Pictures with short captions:
# # # # #
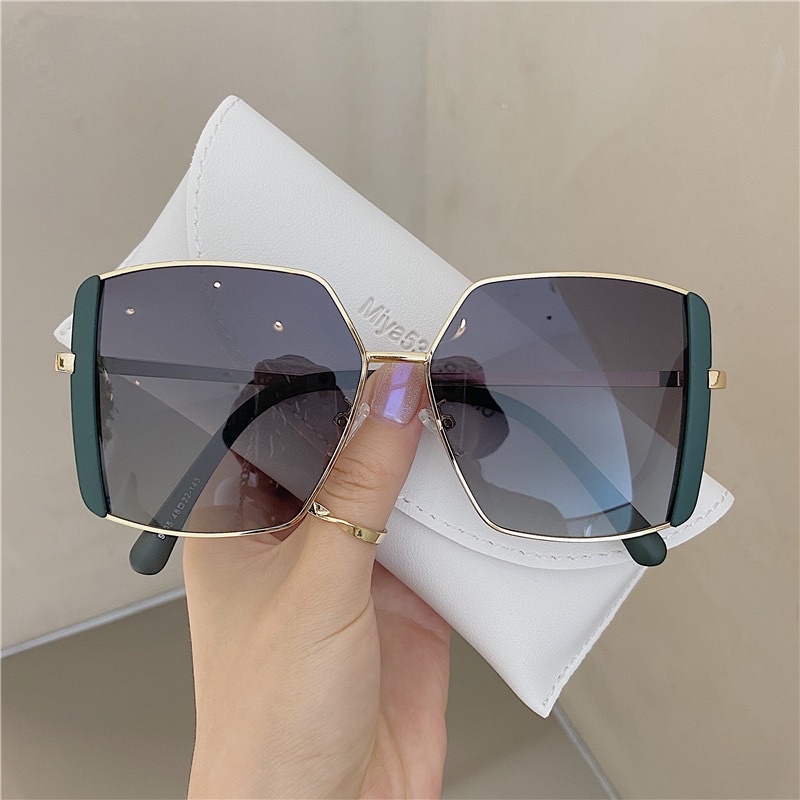 MẮT KÍNH NỮ THỜI TRANG HOT TREND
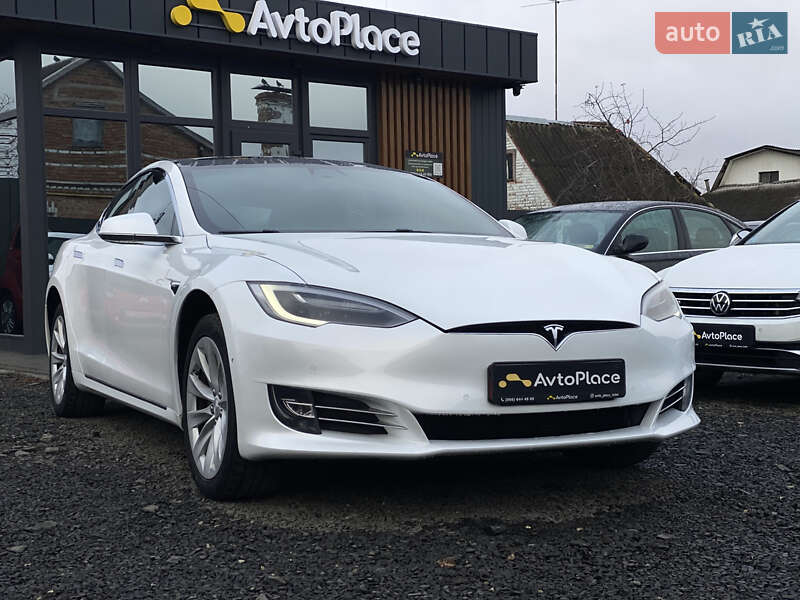 Ліфтбек Tesla Model S 2017 в Луцьку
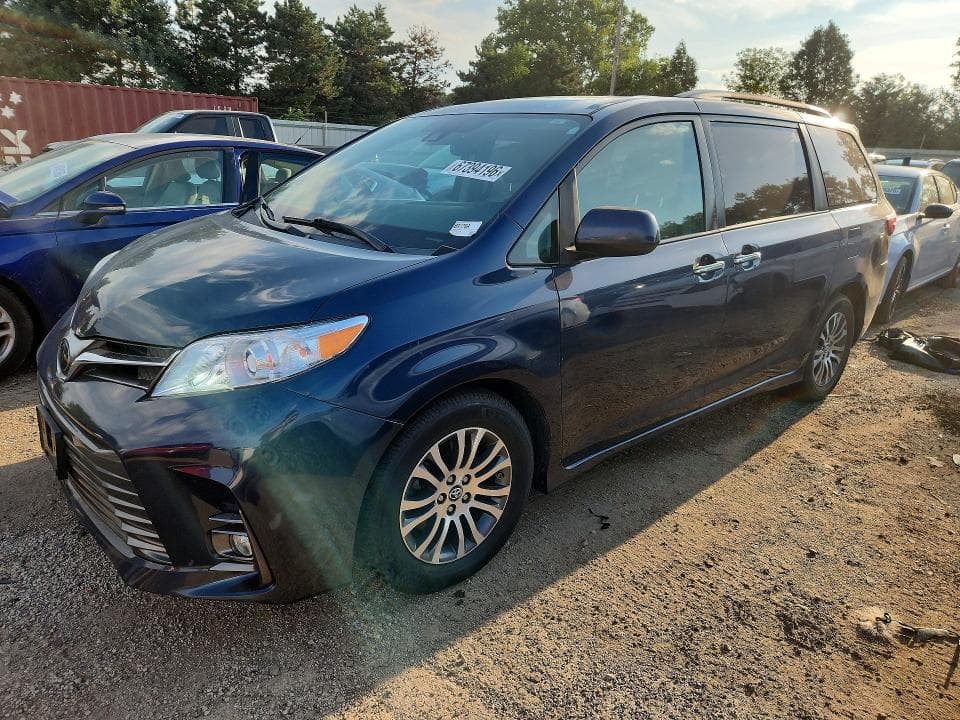 2019 TOYOTA SIENNA XLE 8-PASSENGER - 1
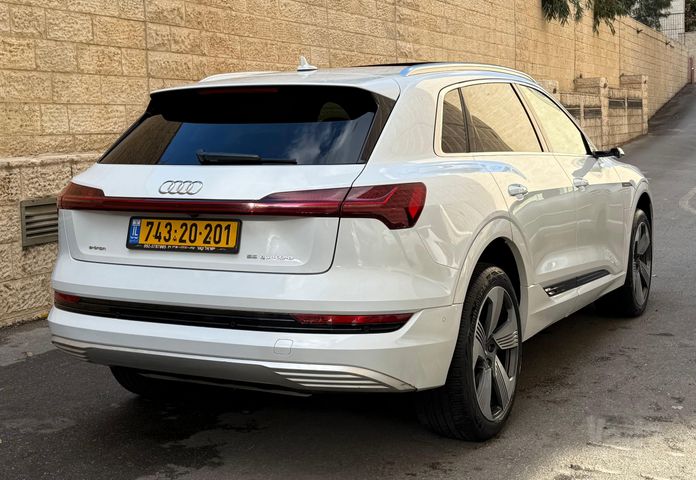 אאודי E-tron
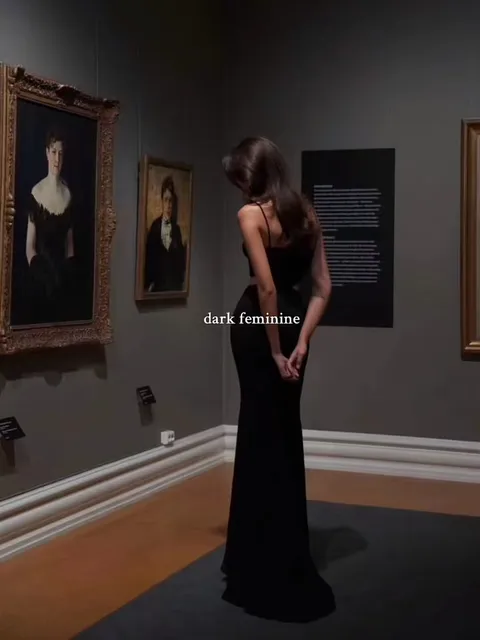 TikTok slideshow cover: dark feminine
# # # # #
**Exercise prompt**:
Your copy should begin at the line containing "אאודי E-tron" and end at the last line of the data above, matching each line exactly and holding no pictures.

**Written solution**:
 אאודי E-tron
 TikTok slideshow cover: dark feminine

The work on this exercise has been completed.